Según mi teoría, todos hablan siempre sobre un mismo tema.

Sin saberlo incluso: solo hacemos variaciones.

Por ejemplo, hace décadas,
me emocionaba escuchar las variaciones que hizo Rachmaninov
sobre un tema de Paganini.

Aunque resultaba empalagosa, era algo que me emocionaba.

Hoy, probablemente, ya no podría detenerme a escucharlas.



IV.

Ocurre como con la lucha, a fin de cuentas.

Salvo que los dos estén heridos, sabemos el resultado de antemano.

Y es que aquel que está herido, perderá la lucha, es cierto.

Pero alguien debe también debe ser declarado ganador de la contienda.

Tal vez si escuchase solo el piano, por ejemplo, y retirase la orquesta, pienso ahora…

Pero no.

¿Habla usted acaso, de otros temas?

lunes, 20 de febrero de 2023

Billetes falsos.


Durante años junté billetes falsos.

Llegué a reunir, de esta forma, una buena cantidad.

De distintas cifras, calidades, materiales y países.

Aun así, no me atrevo a llamarlos “colección”.

Con los primeros me engañaron, es cierto.

Me enojé incluso, cuando ocurrió.

Así llegué a tenerlos.

Con el tiempo, sin embargo, fui yo el que me dejé engañar.

Voluntariamente, me refiero.

Es chistoso cuando lo piensas: aprendí a engañar para ser engañado.

No lo es, por supuesto, pero parece un juego de palabras.

Ahora, en todo caso, ya ni siquiera distingo diferencias.

Entre los billetes sí… no hablo de eso.

Lo que no distingo es aquello que está más allá de los billetes.

Algo que podríamos llamar “la fuente original del engaño”.

En eso pensaba, supongo, cuando me dedicaba a observarlos.

Siempre distanciados unos de otros, pues no me gustaba verlos en conjunto.

Después de todo, cada uno de ellos era falso de una forma diferente.

Y debiese haber tenido, por lo mismo, un valor diferenciado.

De esa forma, al observarlos, me veía a mí mismo como un tasador de billetes falsos.

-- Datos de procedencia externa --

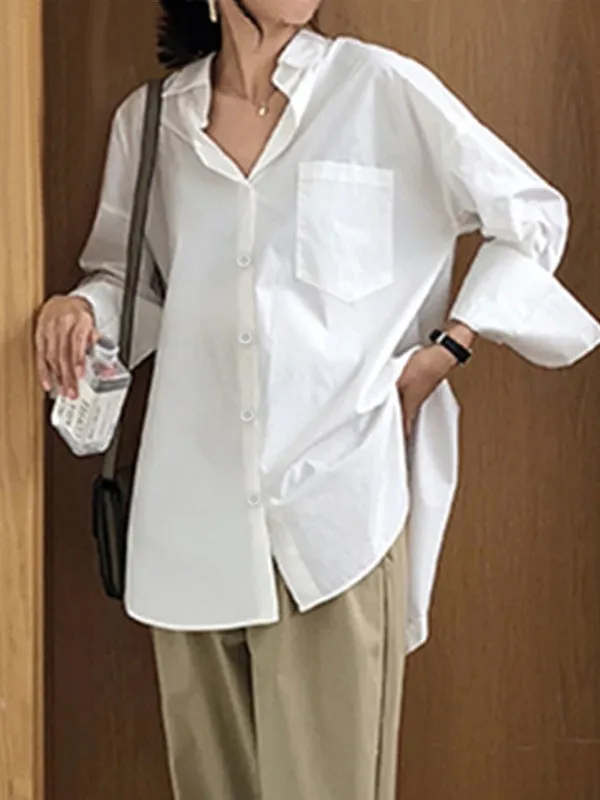 Casual Blouses Ladies Long Sleeve White Tops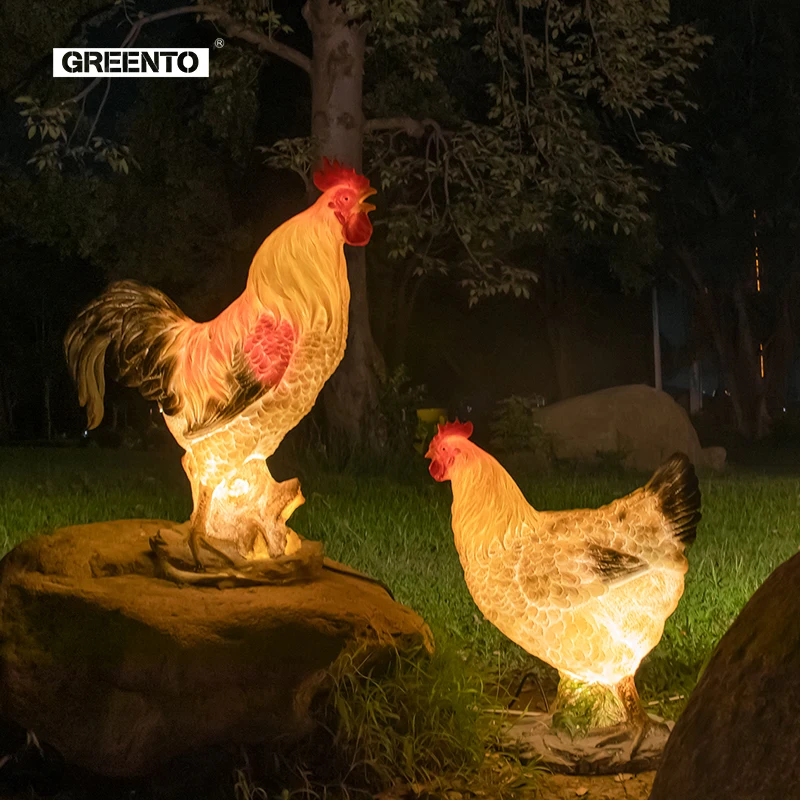 Cock & Hen Style LED Animals Lamp Creative Outdoor Garden Lights Garden Light for Balcony Yard Decoration Solar Resin Lamp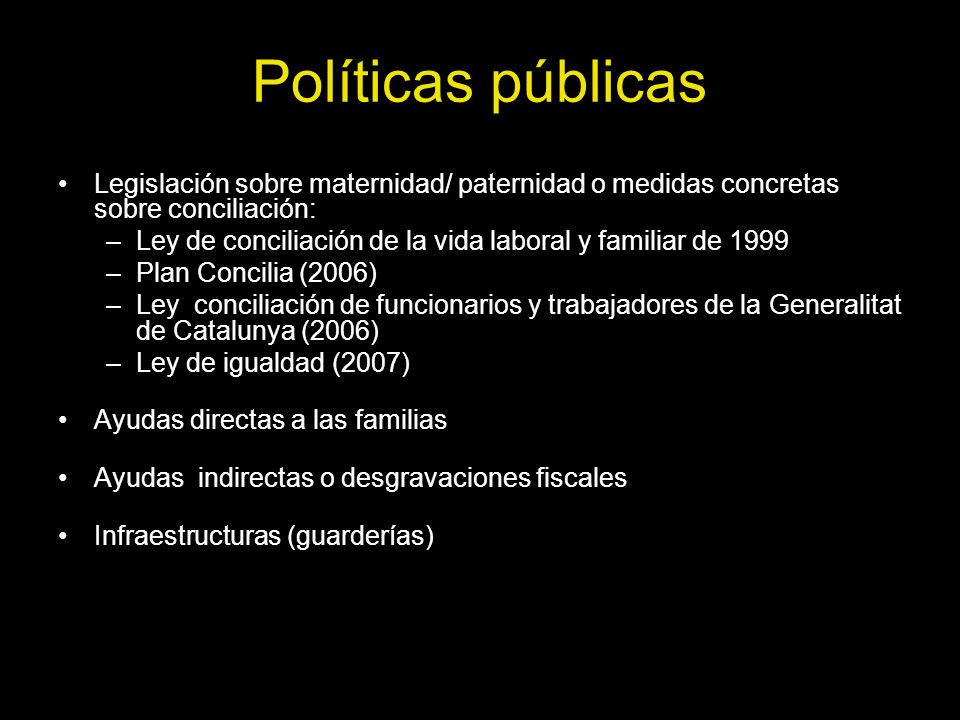 Políticas públicas Legislación sobre maternidad/ paternidad o medidas concretas sobre conciliación: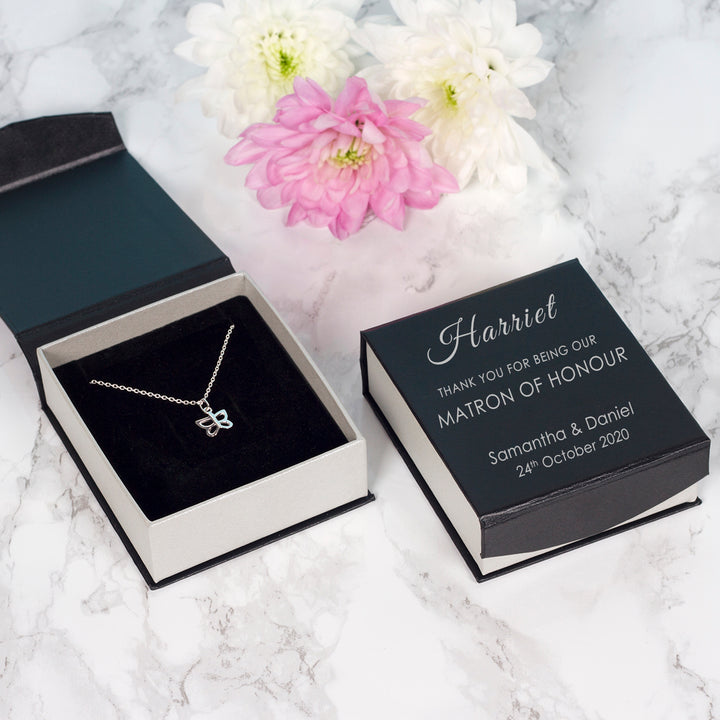 Personalised Bridesmaid Butterfly Pendant in Sterling Silver
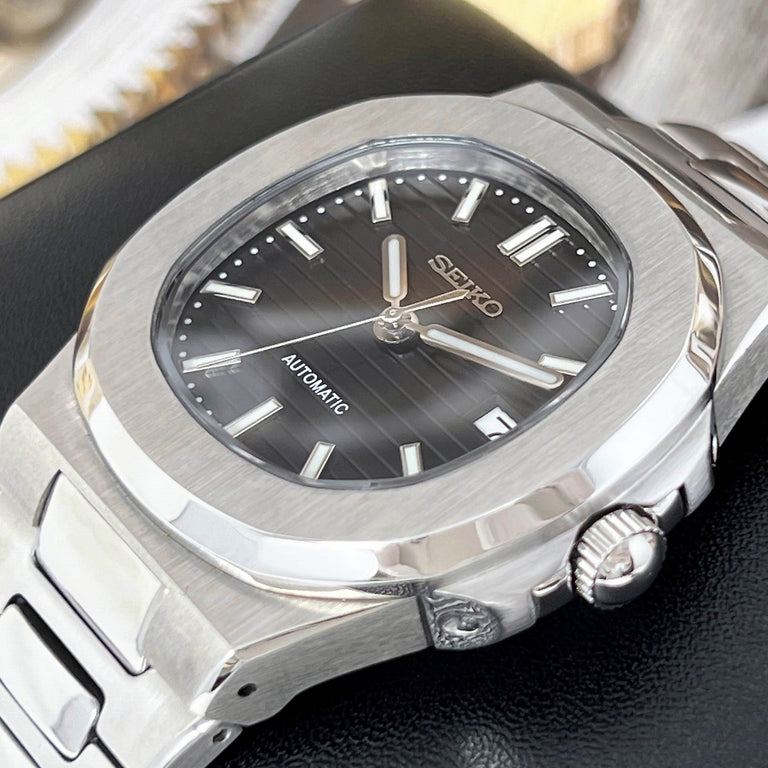 Nautic Mod "Classic Black" - Reloj personalizado con movimiento automático NH35 y cristal de zafiro | XP Watch Co.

Pero no a partir del billete en sí, como decía antes.

Mis referencias, aunque abstractas, siempre fueron otras.

Más puras, según mi parecer.

Escasas.

Incuestionablemente verdaderas.

domingo, 19 de febrero de 2023

Debiesen obligarnos a elegir.


Debiesen obligarnos a elegir. Para saber quiénes somos debiesen obligarnos a elegir. No porque la elección revele o permita descubrir nuestra naturaleza -que no es tal-, sino muy por el contrario: para ir tanteando quiénes somos y desechando -idealmente-, lo que no. He reflexionado sobre esto. Lo he analizado tantas veces que incluso puedo aventurarme a dar cifras. Esta es mi cifra: una vez al día debiésemos hacer una elección. Sé que tomamos más, pero tal vez confundimos entre nosotros el término y no estamos hablando de lo mismo. En otro tiempo yo mismo podía discutir esa cifra diciendo que a cada instante elegimos, por ejemplo, no estar muertos. Es decir, elegimos todo el tiempo -si somos conscientes, al menos-, no poner fin a nuestra existencia. Sin embargo, con el tiempo he comprendido que esa no es necesariamente, una elección. Pueden creerme, si así quieren, aunque no comprendan. Yo mismo, muchas veces, no me comprendo del todo. E igual avanzo, aunque no comprenda. Llegado a este punto, podría decirles que un ejemplo certero de la elección a la que apunto podría ser el ser honesto o no durante el día que elegimos. Sin matices. Serlo o no serlo, simplemente, para distinguir la diferencia. Para aprenderla, digamos, y luego hacernos cargo. Eso, al menos, debiesen obligarnos a elegir. Con eso bastaría, según mis cálculos.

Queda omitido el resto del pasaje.